Oltre che con due mesi e mezzo di ritardo, la cassa integrazione che lo Stato sta riconoscendo ai lavoratori che per colpa del coronavirus hanno perso la propria occupazione, ammonta ad appena 4 euro l'ora. E così sono importi ben poco soddisfacenti quelli accreditati nelle scorse ore nei conti correnti di chi ha dovuto rinunciare al proprio lavoro. È, questo, solo uno dei punti deboli di una ripartenza delle attività commerciali e imprenditoriali che non può essere definita a parole ma solo con l'esperienza diretta. Come quella del ristoratore Nino Bentivegna.
Insomma: tutti parlano di ripartenza. Ma quanto è difficile colmare la differenza tra teoria e pratica? Le misure di contenimento imposte dalla lotta contro il coronavirus, hanno modificato radicalmente l'approccio nei confronti della propria attività imprenditoriale di centinaia di migliaia di commercianti. A partire da chi si occupa di somministrazione di cibo e bevande.
E così, dal certificato in linguaggio ultra burocratico che si è costretti a sottoscrivere prima di prendere solo un caffè seduto al tavolino di bar, al dimezzamento dei coperti nei ristoranti, la prospettiva è tutt'altro che rassicurante. È questo, anche se c'è chi continua ad avere fiducia.

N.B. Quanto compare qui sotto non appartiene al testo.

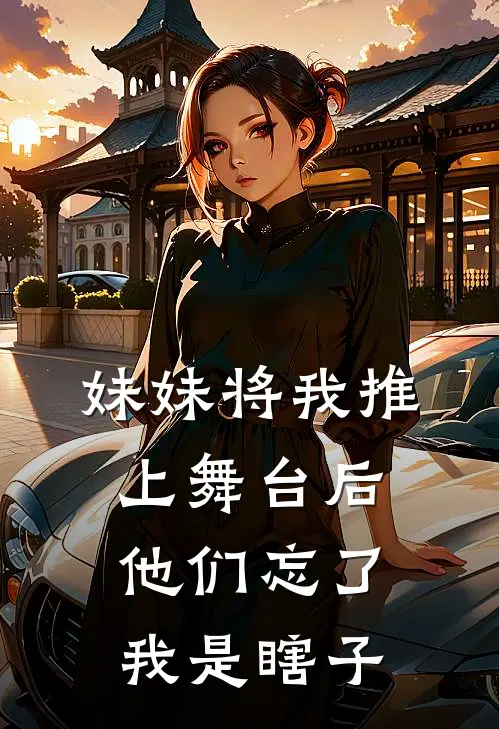 妹妹将我推上舞台后，他们忘了我是瞎子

Eppure, più che contributi a fondo perduto (o per meglio dire oltre a quelli), gli imprenditori chiedono l'esenzione dal pagamento delle tasse. Perché rimanere chiusi per due mesi e mezzo, ma dovendo continuare a pagare i fornitori oltre che tributi, utenze e bollette varie, alla fine il rischio è che si generino solo grossi buchi nell'acqua. Sul tema l'ex sindaco Messina ha preso posizione con una lettera aperta, in cui riferendosi alla situazione di Sciacca teme un'emergenza povertà, che rischia di essere peggiore del Covid, e lamenta l'assenza di progetti e strategie, e in questa direzione propone una task force gratuita composta da imprenditori, lavoratori e amministratori con idee utili a rimettere in moto la macchina economica.